Data Transformation and Visualization

Digital Storytelling through data manipulation and visualization with Python and R. Epic tales cast in raw numbers and graphical aesthetics. Idiote, speculate, ideate, innovate and collaborate using dplyr, ggplot2, pandas and matplolib.

7 Key Data Analyst Skills

Install Tidyverse

ggplot2

pandas

matplotlib and seaborn

Introduction to dplyr

dplyr filter()

dplyr arrange()

dplyr select()

dplyr arrange()

dplyr summarise()

Data Transformation and Visualization

Data Science heavily involves cleansing, shaping and formatting your data before you can do the analysis. Data scientists typically spend more of their time finding and preparing data than refining models. Business analysts often have to wait weeks for their IT team to extract data from the source systems and curate relevant datasets before appropriate interrogation can take place.

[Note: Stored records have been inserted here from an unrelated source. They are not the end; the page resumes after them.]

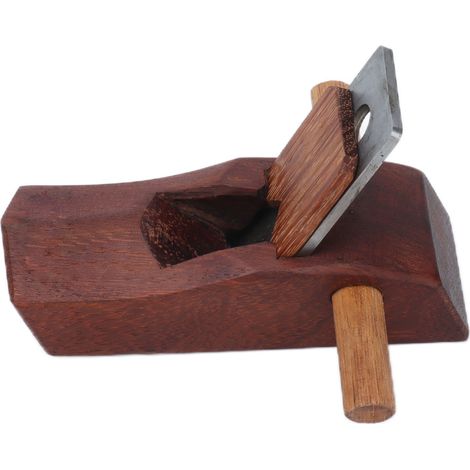 Mini rabot à main en bois, outil de menuisier pour l'affûtage du travail du bois SK‑813‑100 (1/5)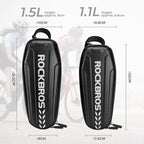 ROCKBROS Fahrrad Rahmentasche Wasserabweisend Oberrohrtasche für MTB Rennrad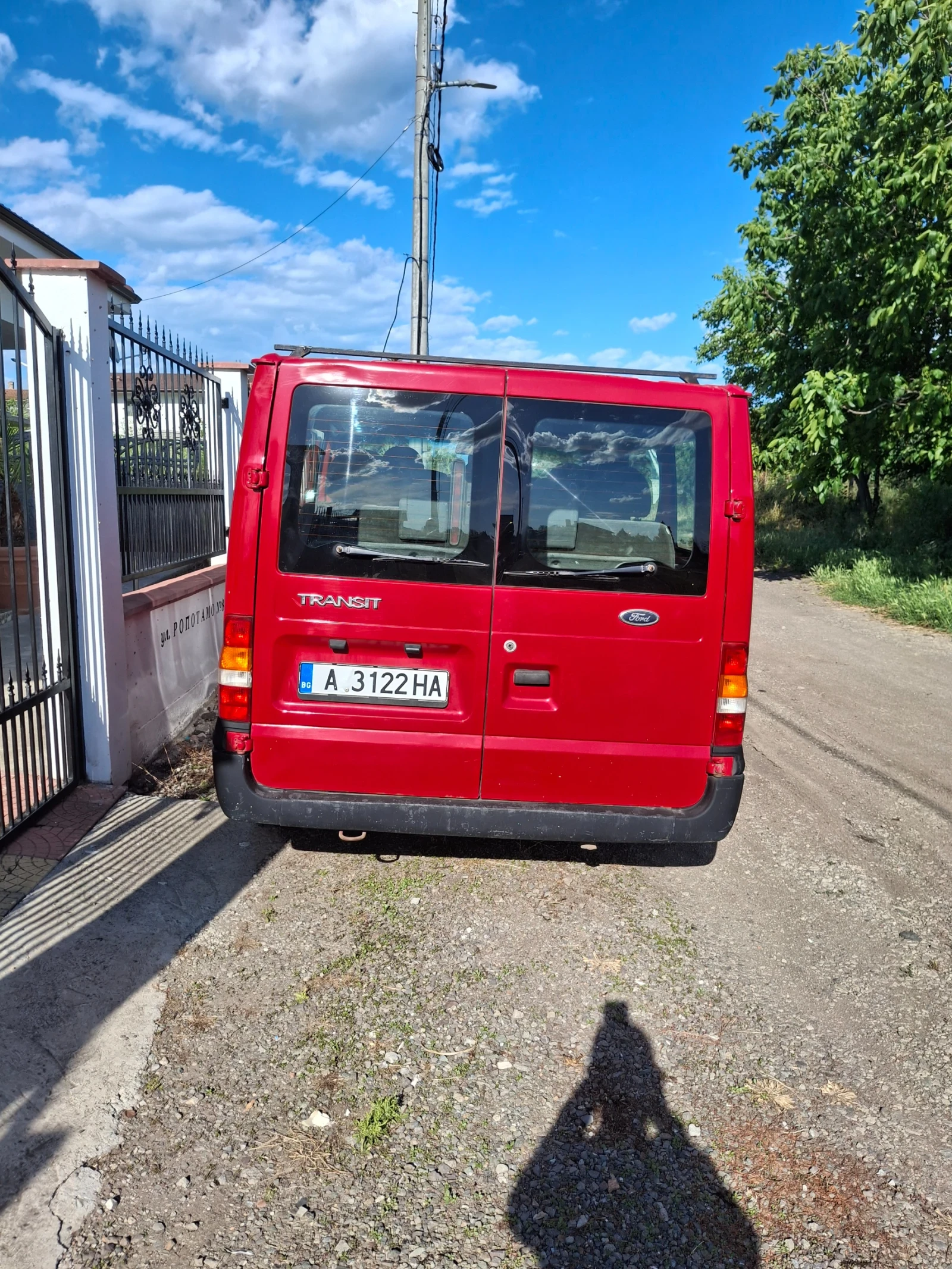 Ford Transit, снимка 2 - Бусове и автобуси - 54721626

Powerful Data Transformation libraries

R and Python have developed powerful libraries to explore your data specify a series of operations to transform data into the format and shape and definition preferred. The type of transformation available removes many of the limitations of working with spreadsheets, which generally can’t cope with data sets that are too large to fit in memory or even in a practical sense view. R and Python programming languages permit more complex operations based on a coherent syntax approach.

Visualization

Data visualization is the graphical representation of information. By making use of charts, graphs, and maps, data visualization tools provide an accessible way to view and appreciate trends, outliers, and patterns not always discernible from the native spreadsheet. Data visualization tools and technologies shrink Big Data to essential elements that can be distilled to make decision making empirically sensitive and nimble. Data Visualization tools in Excel are substantial especially if you can leverage R or Python. See below Amortization example where we wish to understand the decomposition of principal and interest on a mortgage overtime. The BERT add in for Excel allows spreadsheets to leverage the resources for R.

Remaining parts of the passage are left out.